▶ [What you need to do]: The part below that opens with the line containing "Madden down Jacket" and closes with the line containing "JIAHANG Large Satin" should be copied exactly, minus any pictures.

▶ [Captioned web image data]:
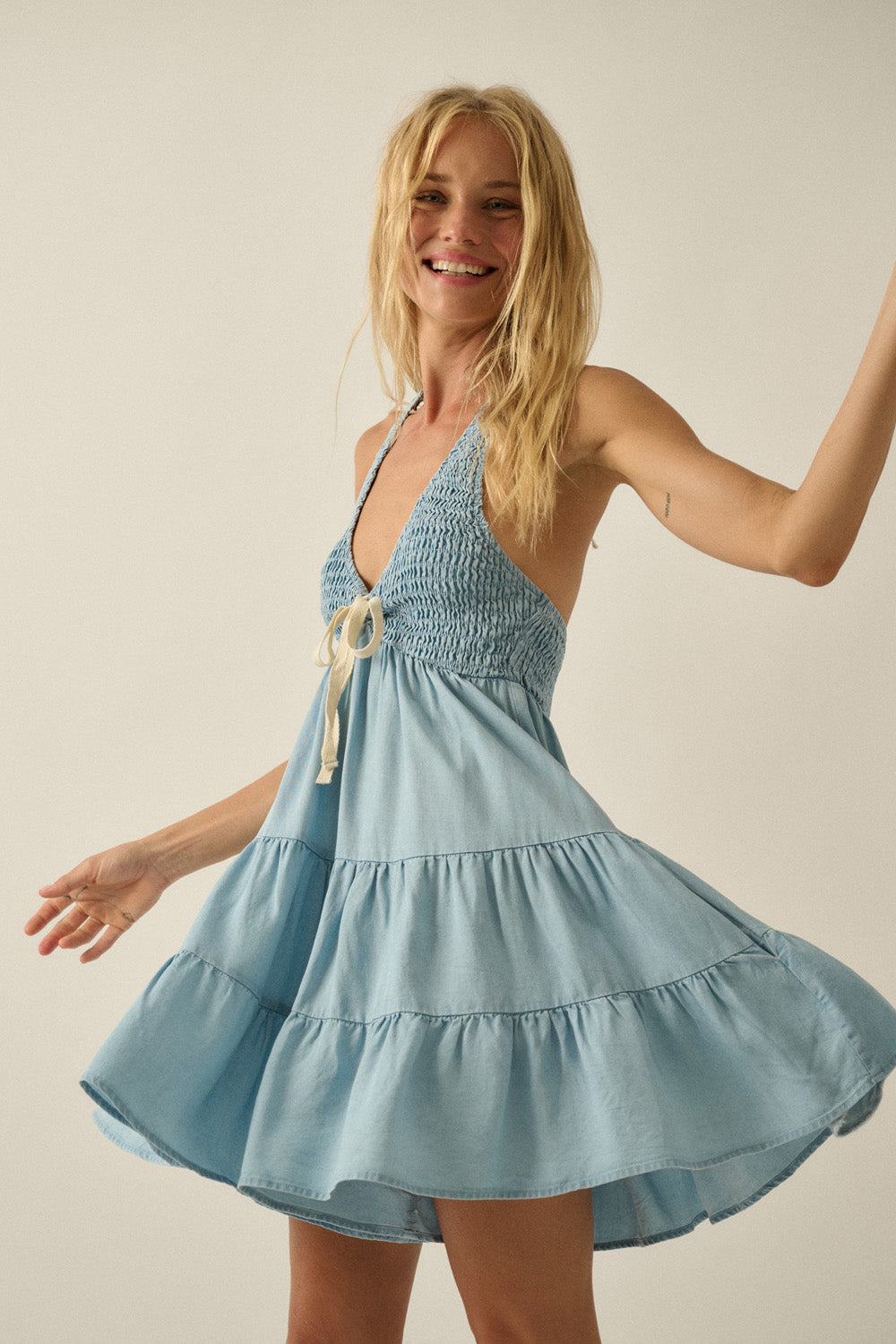 Tencel Denim Halter Ruffle Romper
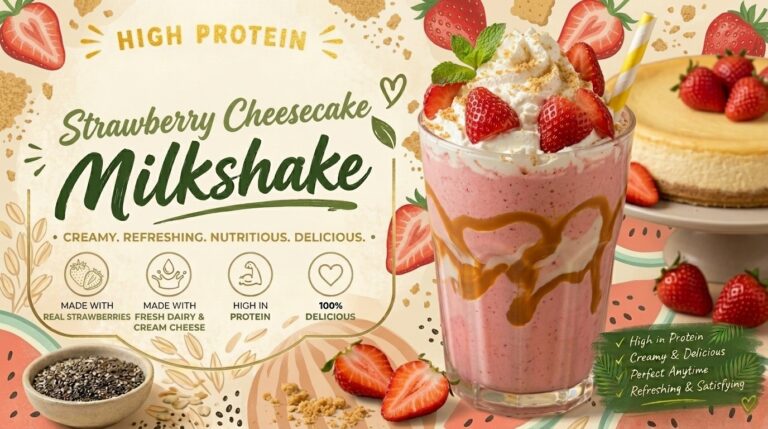 Strawberry Cheesecake Milkshake. Easy 5 Minute Recipe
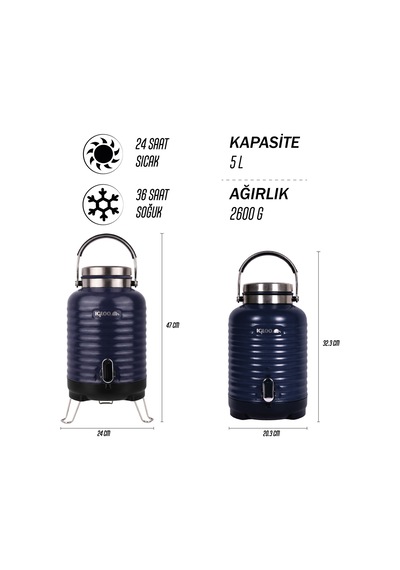 Igloo Family Barrel Termos 5 Litre-lacivert Lacivert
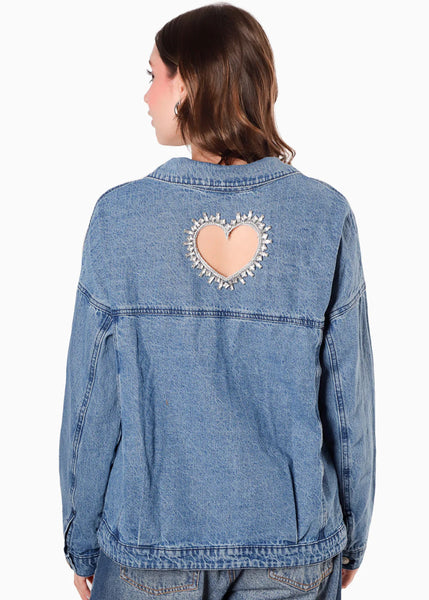 Chaqueta denim con corazón en espalda y brillo en los bolsillos para mujer - Flashy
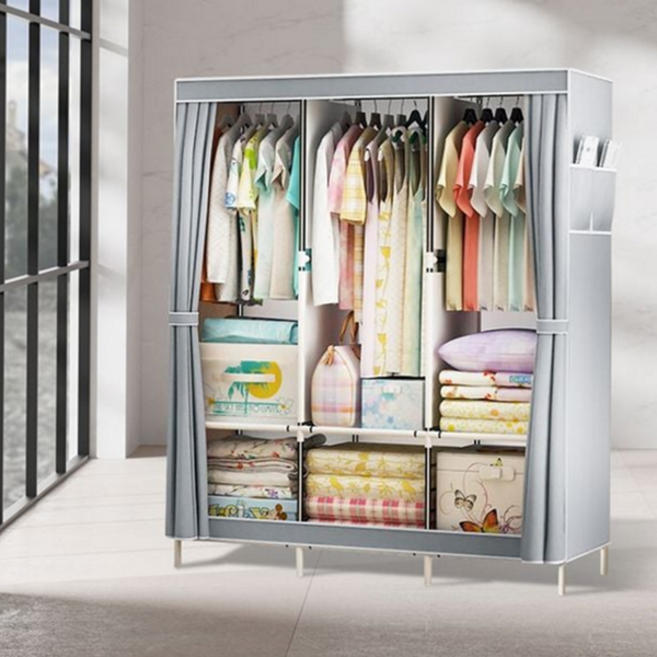 패브릭 옷장 튼튼한 접이식 오픈형 자취방 옷장 원룸 드레스 커튼형 조립형 이동식 수납장 수납함 시스템, 트리플 옷장 그레이, 트리플 옷장 그레이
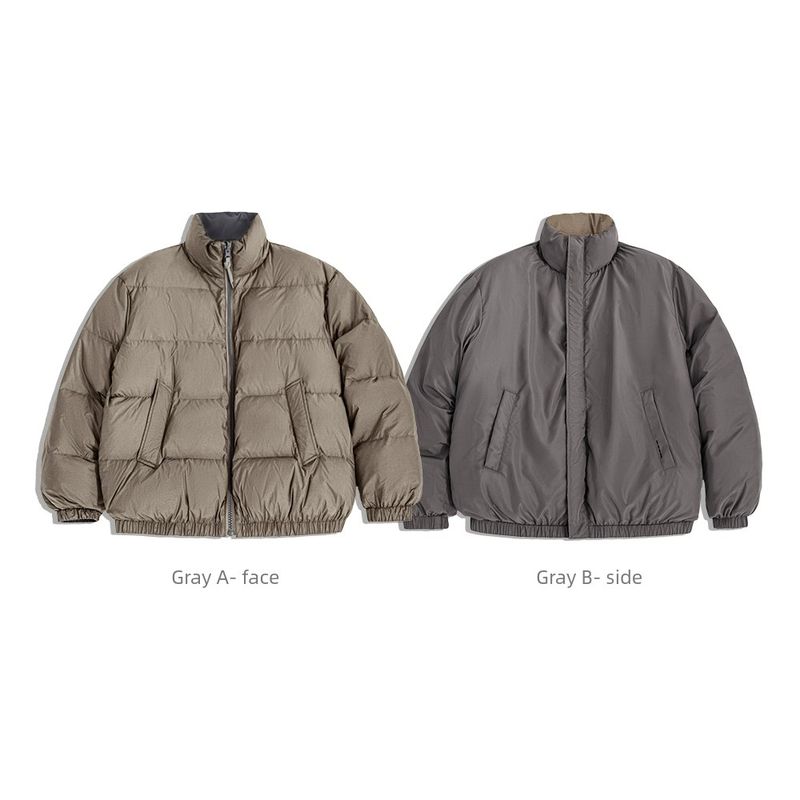

Madden down Jacket Versatile Stand Collar Outwear Male Winter Parka Gray 2XL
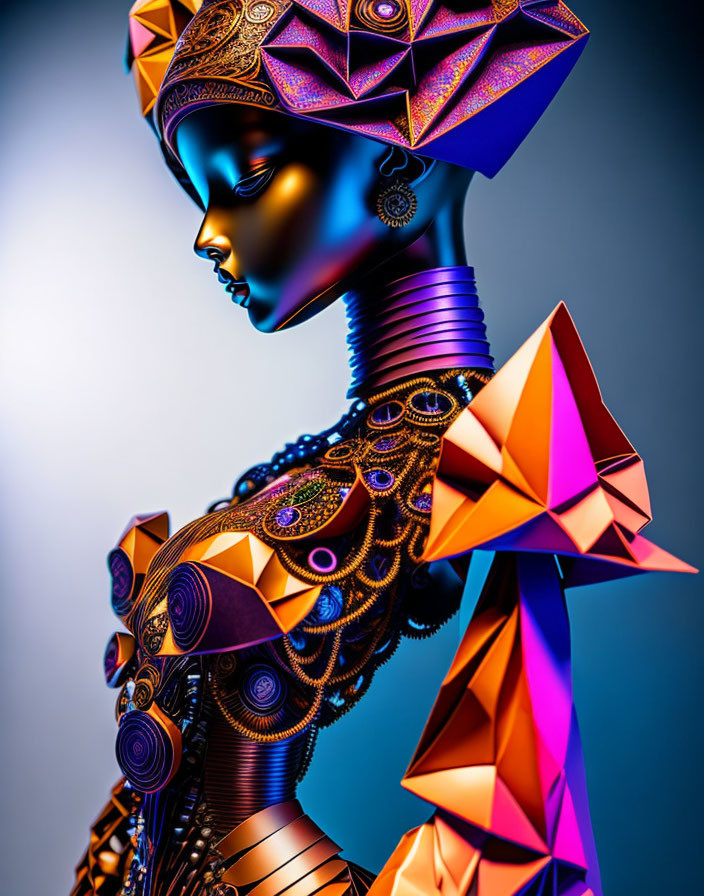 Futuristic regal figure with vivid colors and geometric patterns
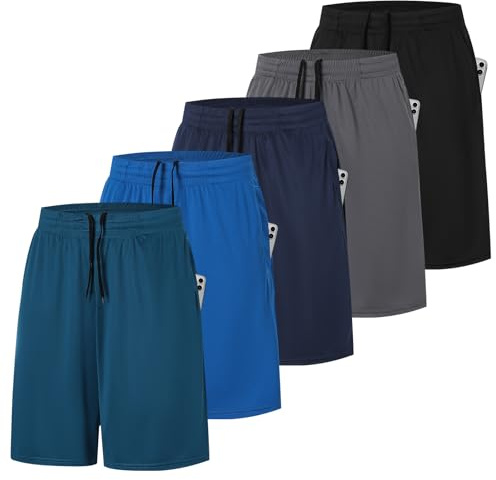 ZENGVEE Pack de 5 Pantalon Corto Hombre Running Transpirables Secado Rápido con Bolsillo Short Ropa Deportiva Pantalon Tenis Hombre Pantalon Gym para Baloncesto Fitness Pantalones（0904-Green-M）
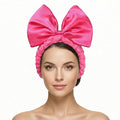 JIAHANG Large Satin Bow Facial Spa Headband, Facial Making Up Shower Skincare Hairband, Wash Face Headwrap for Women Girls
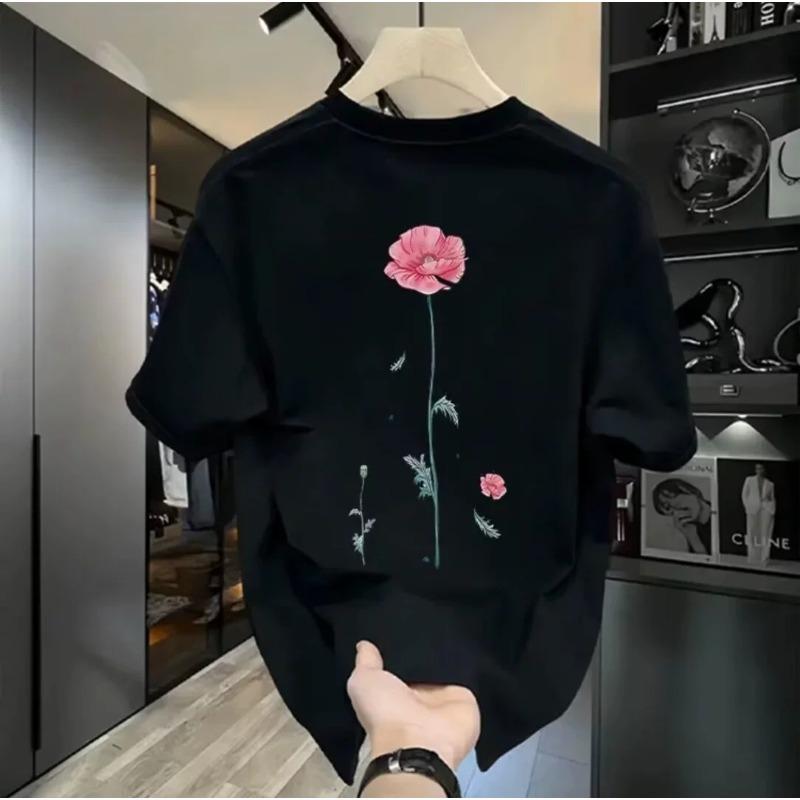 Unisexs Fitted Cotton Tshirts 5XL Black T Shirt Summer Wear Casual for Unisex Flower Print Tee Shirts White Unisex Clothing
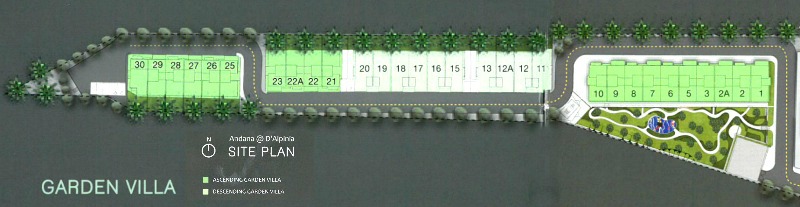 This is the location of all the units. As you can see, there are 20 Ascending types and only 10 Descending types. Selling price begins at RM1.1M. Descending begins at RM1.3M. The Condominium, on the extreme right of this plan, has not been included in this picture.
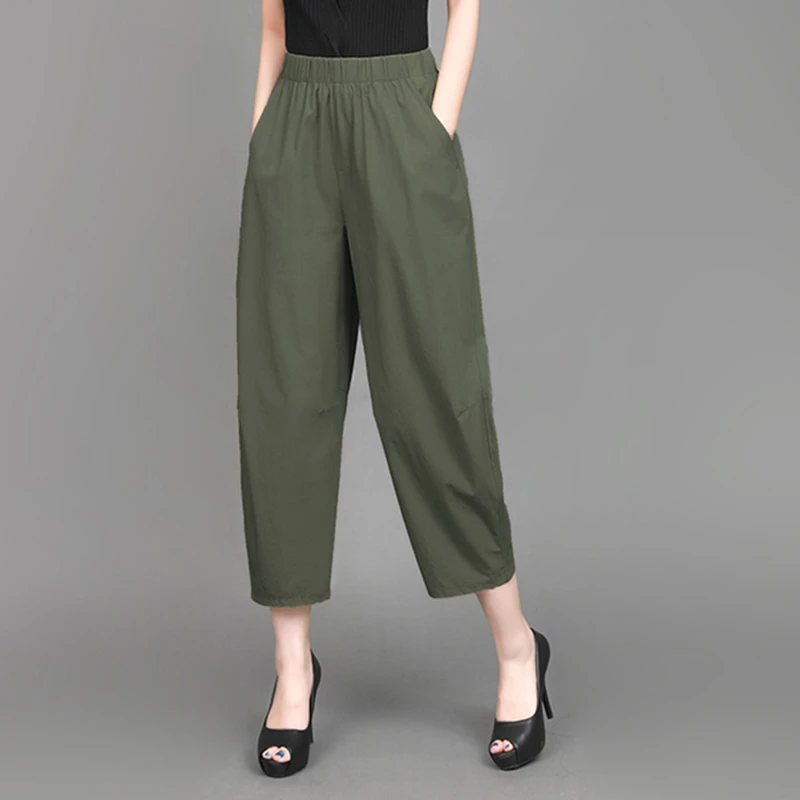 2025休闲新款冰丝裤女九分夏季弹力简约百搭舒适松紧腰哈伦裤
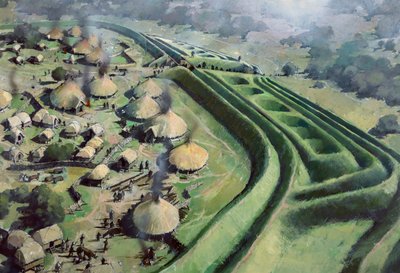 Vista aérea de la entrada al fuerte de la colina de Old Oswestry durante la Edad de Hierro, c. 1970-2010 de Ivan Lapper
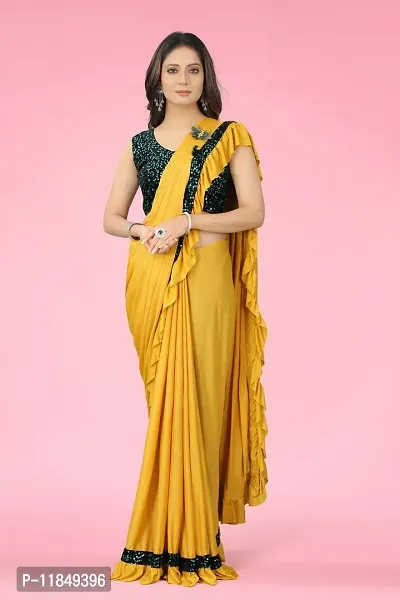 Trendy Lycra Saree with Blouse piece For Women-thumb0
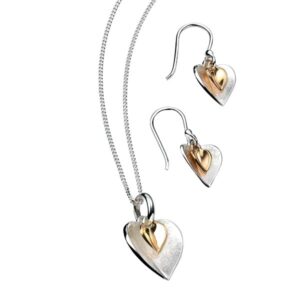 Sally Thornton jewellery blog from Thorntons Jewellers Kettering Northampton Silver & gold plate double heart pendant on a necklet £44 & earrings £32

▶ [Response]:
Madden down Jacket Versatile Stand Collar Outwear Male Winter Parka Gray 2XL
 Futuristic regal figure with vivid colors and geometric patterns
 ZENGVEE Pack de 5 Pantalon Corto Hombre Running Transpirables Secado Rápido con Bolsillo Short Ropa Deportiva Pantalon Tenis Hombre Pantalon Gym para Baloncesto Fitness Pantalones（0904-Green-M）
 JIAHANG Large Satin Bow Facial Spa Headband, Facial Making Up Shower Skincare Hairband, Wash Face Headwrap for Women Girls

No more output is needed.